Queens' Little Guyana

    A relatively obscure country sandwiched between Brazil and Venezuela, Guyana gained Indians, Africans, Portuguese and Chinese through slavery and indentured labor during the 19th century.  The modern Guyanan is some combination of one of the above.  Fittingly, in the restaurants that dot Liberty Avenue, Roti curry sandwiches (typical of nearby Trinidad & Tobago) share the menu with Chinese BBQ and Bengali sweets.

Richmondhill

    The chicken curry was spicy and savory and the bread sopped up the juices nicely but, similar to my experience with Trini cuisine, I can't figure out how to eat the stuff without making a huge mess.  This is no small problem considering the fountain of class that I am.  Ethiopian food is the same way.  By the end of the meal I feel like a fucking slob.

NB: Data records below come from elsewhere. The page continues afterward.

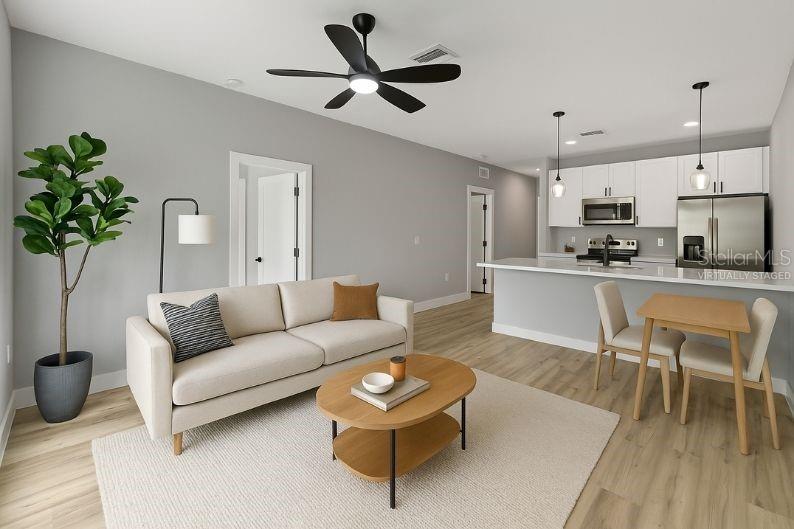 PORT CHARLOTTE SEC 085 - Residential Income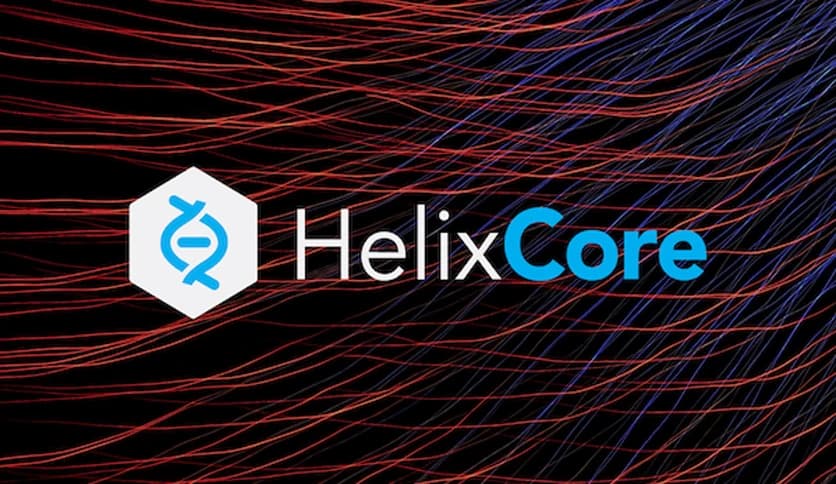 Perforce Helix Core 2024.1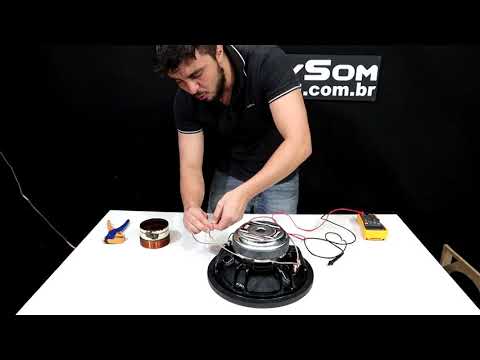 DUAL COIL Subwoofer How to connect | Truths and Myths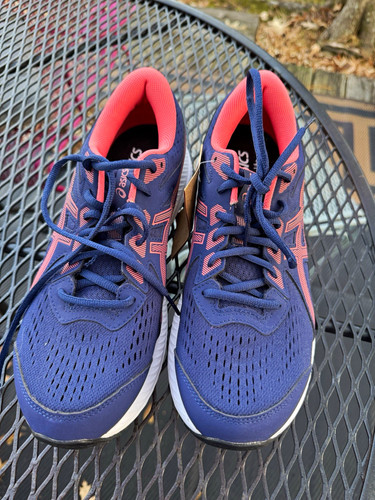 Asics gel contend women s - asics, 8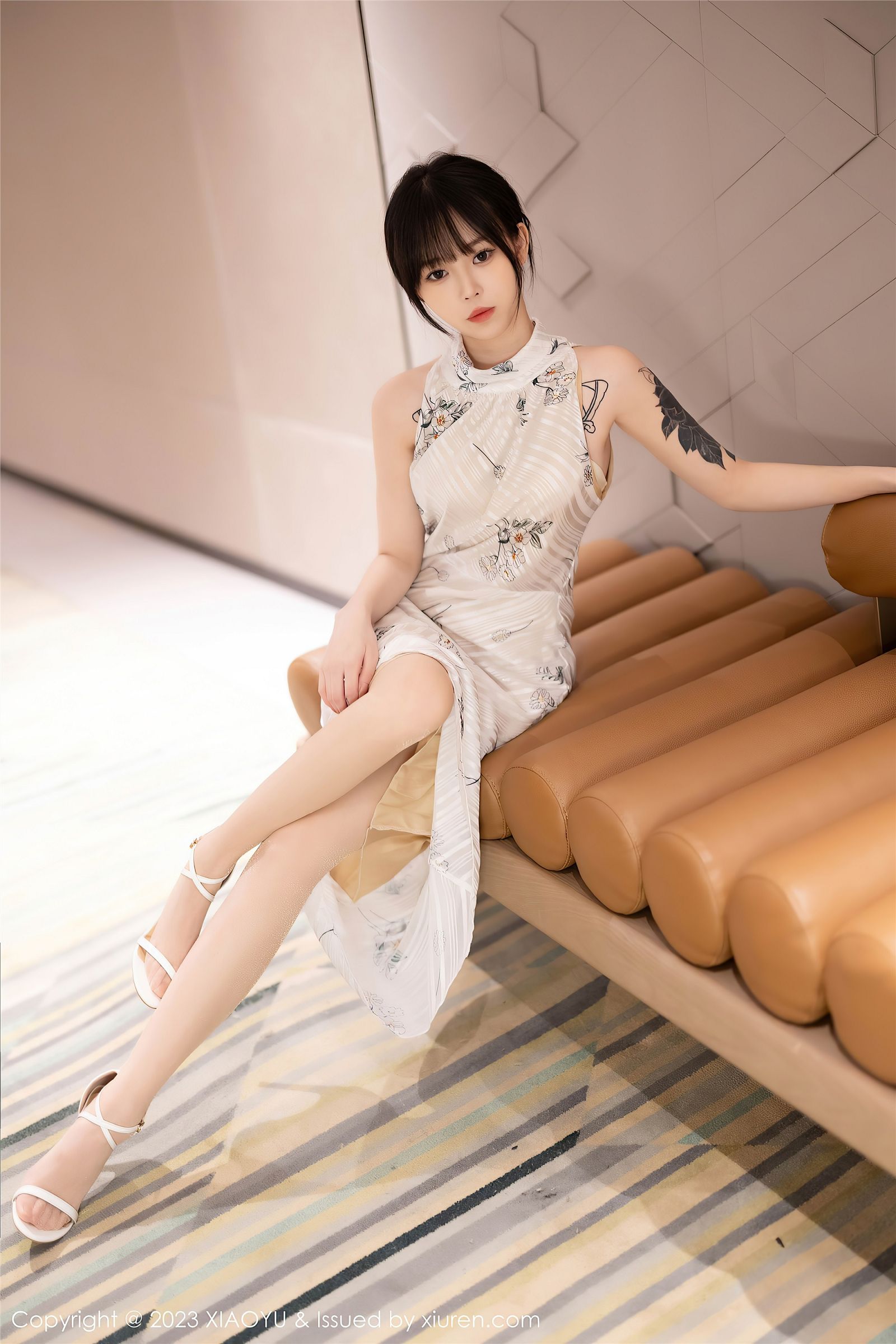 图片[62]-[XIAOYU画语界] 2023.09.25 NO.1118 奶瓶-六色网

    Physically speaking, Richmond Hill is not a very intriguing neighborhood.  This appears to be the case with much of Queens.  The residential architecture is awkward and often bordering on suburban, but the wealth of ethnic enclaves is unmatched anywhere in the world.  Many districts share space with 2 or 3 seemingly incompatible ethnicities: Greeks/Brazilians/Egyptians in Astoria, Bengalis/Columbians/Filipinos in Jackson Heights, Chinese/Korean/Pakistanis in Flushing.  Similarly, Richmond Hill is the Guyanan quarter of greater Jamaica, Queens, which is also home to large Arab and Carribean  populations.  A staff writer for Not For Tourists recently wrote, "If Brooklyn is the new Manhattan, is Queens the new Brooklyn?"

Astoria, Queens

    Astoria is big. It's so big that I've been there half a dozen times and I still can't figure it all out. Guidebooks will tell you it's NYC's token Greek neighborhood, which is true. But they don't tell you that a lot of them are ethnic Greeks from Cyprus and Albania. Furthermore, they don't tell you about the Brazilians, Ecuadorians, Egyptians, Moroccans and Lebanese.

Astoria

    As Queens' northwestern most neighborhood, Astoria has great views of the Upper East Side. Several parks line its waterfront, but, like all neighborhoods in New York, the closer to the water, the more desolate and abandoned. Most of the buildings are from the early 20th century, making it younger than most of Brooklyn. The built environment is interesting but what really makes Astoria so wonderful is the demographics and the corresponding culinary options. So far I've tried Greek, Turkish-Argentinian, and Bosnian cuisine there. I even saw a Himalayan tea house that serves that salty yak-butter tea that Sherpas warm up on. But Egytian hooka lounges and Czech beer gardens? I'll pass.

Misc Queens

Scheduled date of departure: June 27th. Job, apartment, plane tickets: 'shit is all locked down. But it isn't strictly business. We've got love for the game, believe that. That's why we're having a bonified moving party / garage sale in early June. You can come on over, drink some fine wines, eat some fine cheeses, buy our fine shit and say goodnight to the finest homo sapiens to ever grace Columbia River Basalt.

Miscqueens
More on that later. In the mean time I thought I'd lace 'yall with some photos from Long Island City and Flushing. You know, you shouldn't sleep on Queens. She may lack hip kids but coffee shops aren't everything. Everybody needs dim sum sometimes.